Peut-on être sûr que la source de la copie est légale ?

« En introduisant la notion de  » licéité de la source « , les députés imposent que chacun, pour faire une copie en vue d’un usage privé, se livre à une analyse juridique basée sur des éléments la plupart du temps impossibles à déterminer. La source utilisée pour réaliser l’acte de copie privée était-elle licite ? S’il s’agit d’une diffusion sur Internet, qui l’a mise en ligne ? Cette personne avait-elle une autorisation de l’auteur ? etc. Autant de questions qui n’auront jamais de réponse en pratique, et qui rendront par défaut la copie illicite« , critique à juste titre la Quadrature du Net.

Jusqu’à présent, seul le propre comportement du copiste était pris en compte, il pouvait donc lui-même le déterminer.

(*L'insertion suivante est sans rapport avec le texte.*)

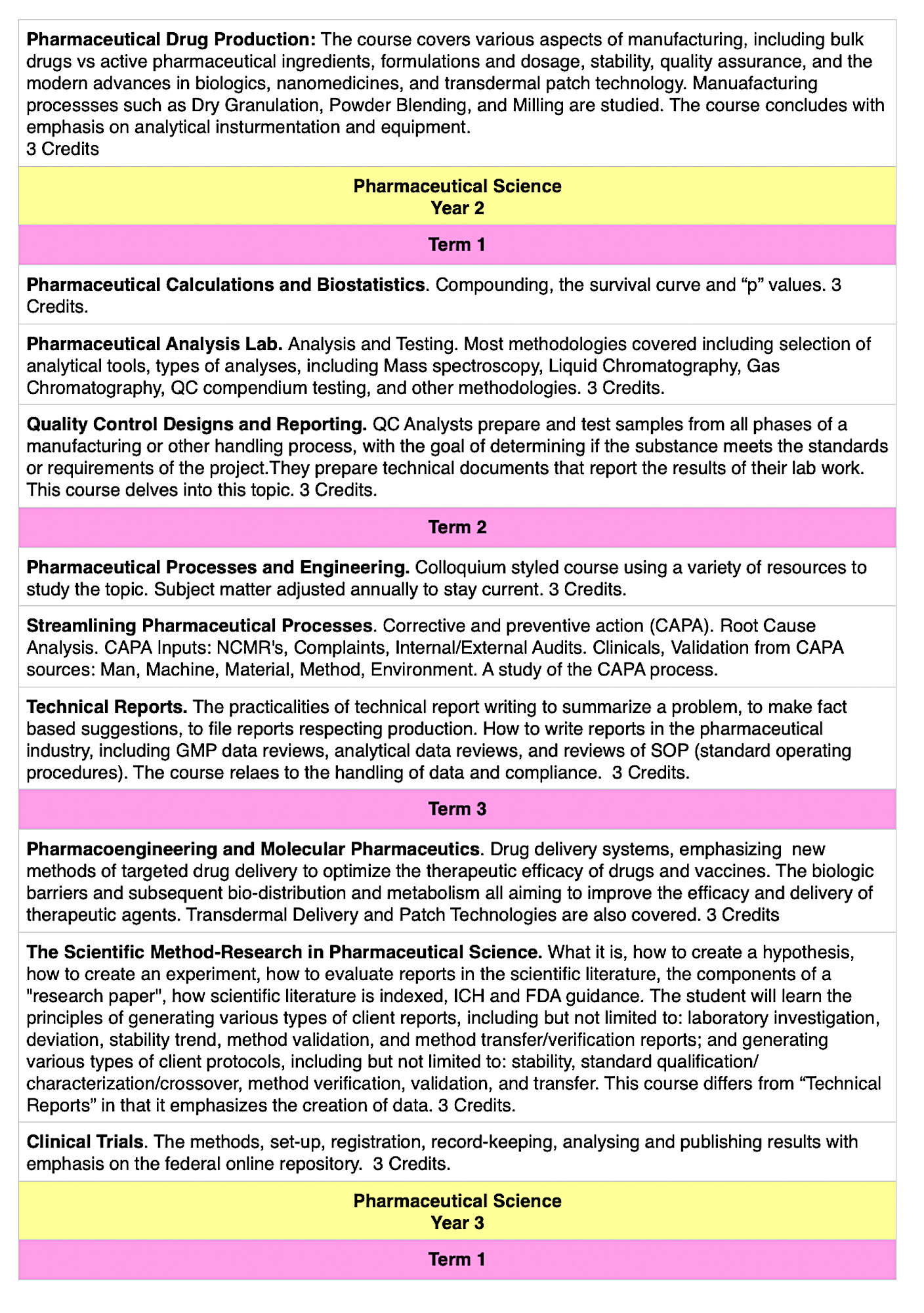 2pharm Blue Marble University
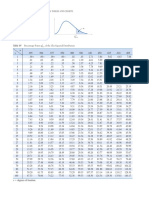 Chi Squared Distribution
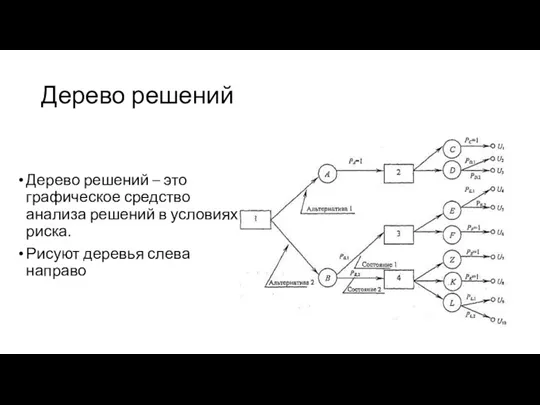 Дерево решений Дерево решений – это графическое средство анализа решений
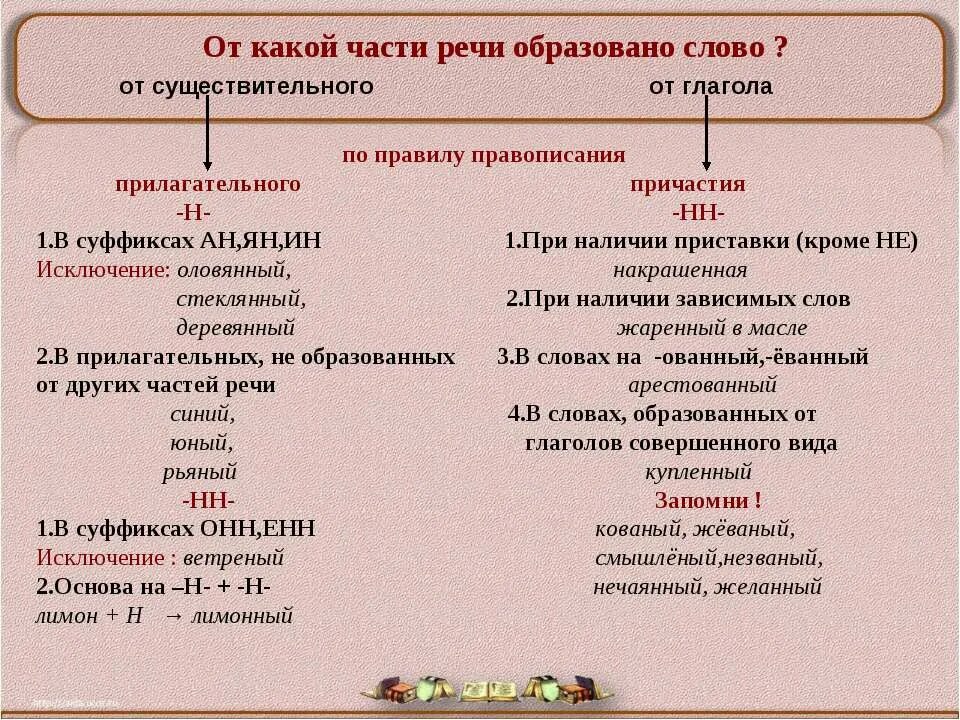 От какого существительного образовано прилагательное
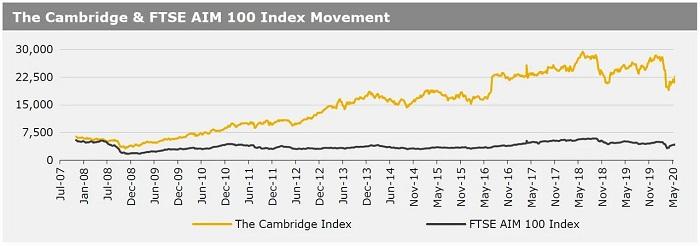 260520_The Cambridge & FTSE AIM 100 Index Movement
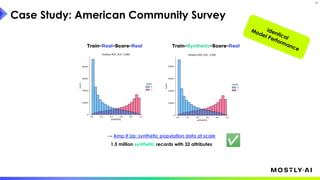 Case Study: American Community Survey
21
→ Amp It Up: synthetic population data at scale
1.5 million synthetic records with 32 attributes ✅
Identical
Model Performance
 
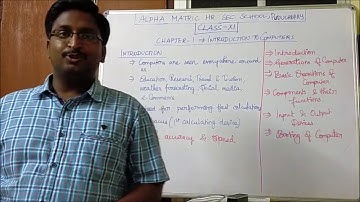 CLASS 11 - COMPUTER APPLICATION - CHAPTER 1 - INTRODUCTION TO COMPUTERS - PART 1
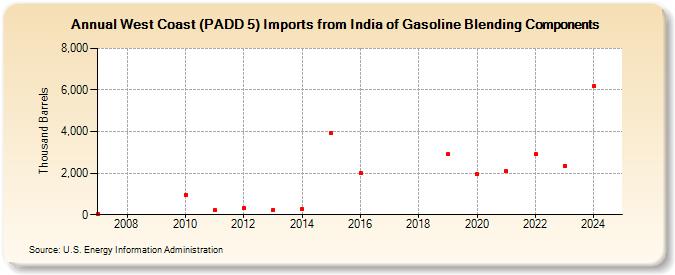 West Coast (PADD 5) Imports from India of Gasoline Blending Components (Thousand Barrels)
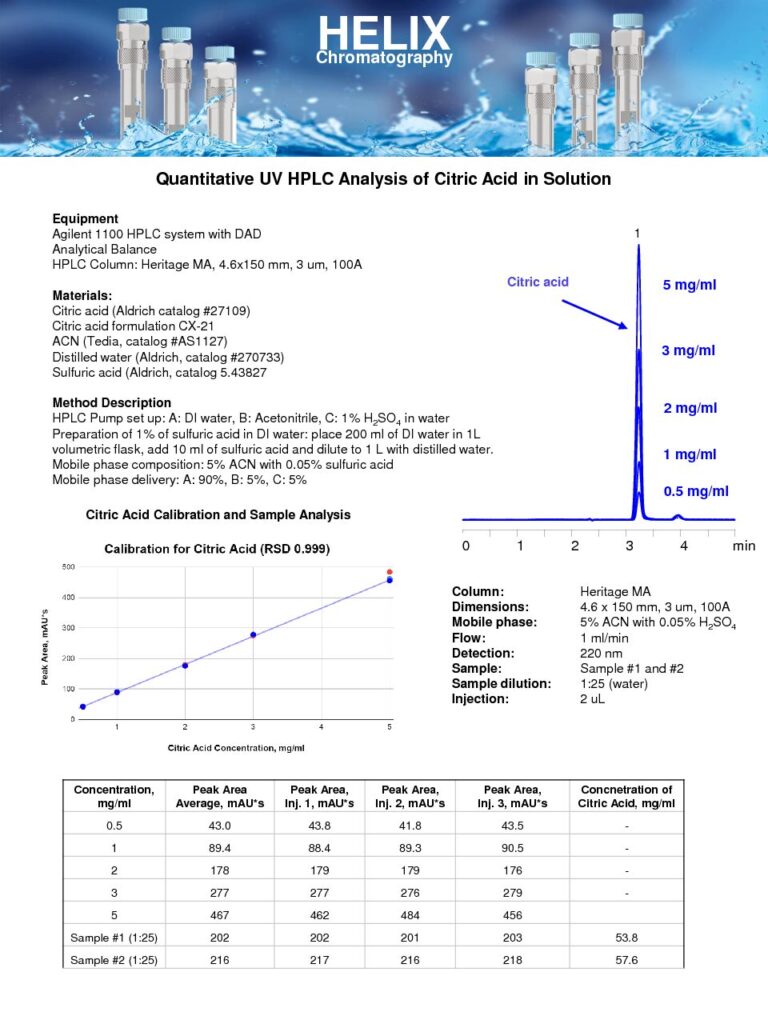Quantitative UV HPLC Analysis of Citric Acid in Solution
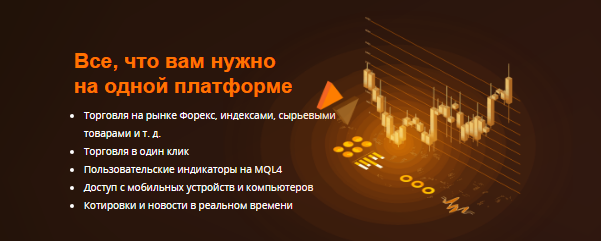 Проект Amillex — отзывы, разоблачение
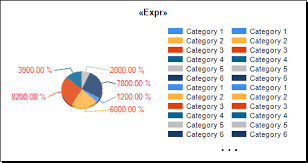 Reporting Services Updating Ssrs Chart Data Labels Doesnt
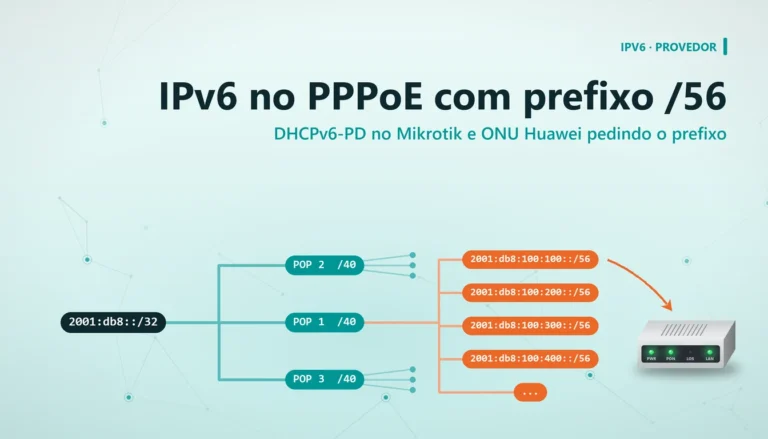 Árvore de prefixos IPv6 saindo de 2001:db8::/32 até o /56 de cada cliente PPPoE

Désormais, il devra connaître le comportement de ceux qui l’ont précédé dans la chaîne de reproduction de l’œuvre, ce qui se relève impossible. Même le label PUR de l’Hadopi ne tranche pas la question, puisqu’il se contente de dire si personne n’a contesté la légalité de l’offre, sans affirmer que celles qui sont labellisées sont bien légales. Or même les offres qui paraissent parfaitement légales ne le sont pas toujours, comme l’a montré la procédure engagée par la Sacem contre des labels PUR demandés par des plateformes de VOD.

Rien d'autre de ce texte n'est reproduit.